Sensor nodes are battery powered, having limited energy, and in many cases, their replacements of battery are difficult. Therefore, how to reduce the energy cost of the sensor network has always been a difficult problem; in the application scenario with information confidentiality requirements, how to improve the security of the sensor network information, prevent the sensor nodes from being captured and reduce the leakage of sensitive private data are additional problems. Therefore, it is necessary to study the privacy-preserving and energy-efficient spatial range aggregation query processing technique to solve these two problems.
The existing spatial range aggregation query algorithms Tiny AGgregation (TAG), 7 R tree, 8 and STWinFlood 9 rely on preconfigured network topologies such as the tree rooted at the base station. But they do not take privacy protection into account. In addition, due to factors such as the environment and node failure, the network topology frequently changes. Maintaining a pre-established topology consumes considerable energy. In addition, the existing aggregation query privacy protection algorithm, Slice-Mix-AggRegaTe (SMART), 10 and its variants privacy preserving, energy-efficient and scalable continuous data aggregation (PECDA) 11 and adaptive slice-based secure data aggregation (ASSDA), 12 hide original and sensing data by slicing the data. Although these algorithms have certain privacy protection capabilities, they all assume that the query area is the entire monitoring area, and all nodes in the network are required to participate in query processing. Obviously, these methods require considerable unnecessary energy overhead, and it is not necessary for all nodes to participate in query processing.
The existing privacy-preserving aggregation query processing methods rely on pre-established network topology and require all nodes in the network to participate in query processing. Maintaining the topology results in a large amount of energy overhead, and in many cases, the user is only interested in the aggregated query results of some areas in the network, and thus, the participation of the entire network node is not necessary. The main idea of the algorithm is as follows. The base station first sends a query message to a node in the query area, starting from the node and distributing the query message while gathering the sensing data in the query area. The algorithm uses the point-by-point overlay strategy to aggregate the data in the query area according to the established route and finally returns the final query result to the base station. The algorithm does not rely on the preconfigured topology, and the aggregation node sends the aggregation result to its next node instead of the original data, which ensures that the node’s sensing data will not be leaked.

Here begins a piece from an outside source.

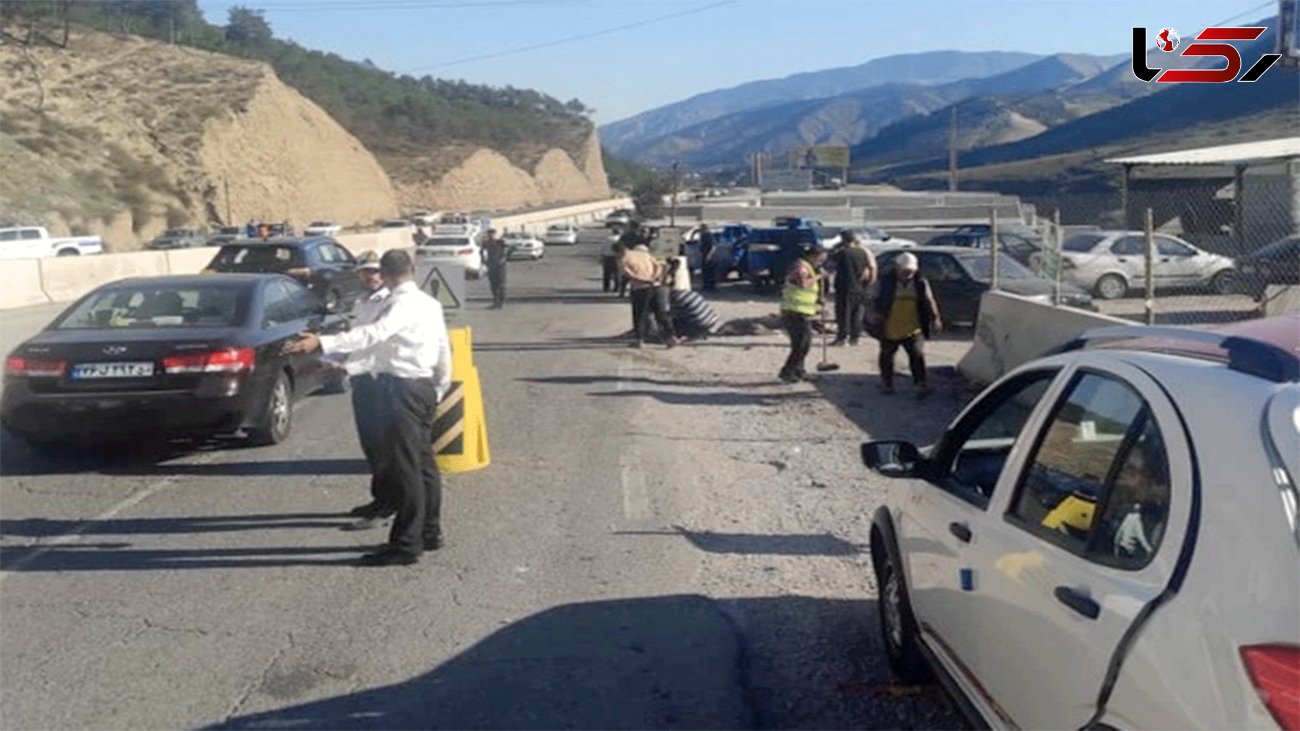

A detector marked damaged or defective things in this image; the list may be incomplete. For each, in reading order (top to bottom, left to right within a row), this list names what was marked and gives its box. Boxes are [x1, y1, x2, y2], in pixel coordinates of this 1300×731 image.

The main contributions of this article are as follows:
We propose a route-based dynamic data collection protocol, which does not depend on the pre-established topology.
The privacy protection strategy proposed in this article does not require nodes to perform data slicing, confusion, and encryption, thus saving energy consumption.
The method proposed in this article only needs the nodes in the in query area to participate in query processing and does not require the nodes in the whole network, thus saving energy consumption.
The method proposed in this article provides efficient data aggregation while preserving data privacy.
The organization of this article is as follows. Section “Existing research works and their shortcomings” summarizes the related work, and section “Preliminaries” introduces the preliminaries. Section “Energy-efficient and privacy-preserving spatial range aggregation query processing in WSNs—E2PDA” proposes an energy-efficient and privacy-preserving spatial range aggregation query algorithm. Section “Analysis of experimental results” presents an analysis of the algorithm and its results, and section “Summary” summarizes the paper and presents future research directions.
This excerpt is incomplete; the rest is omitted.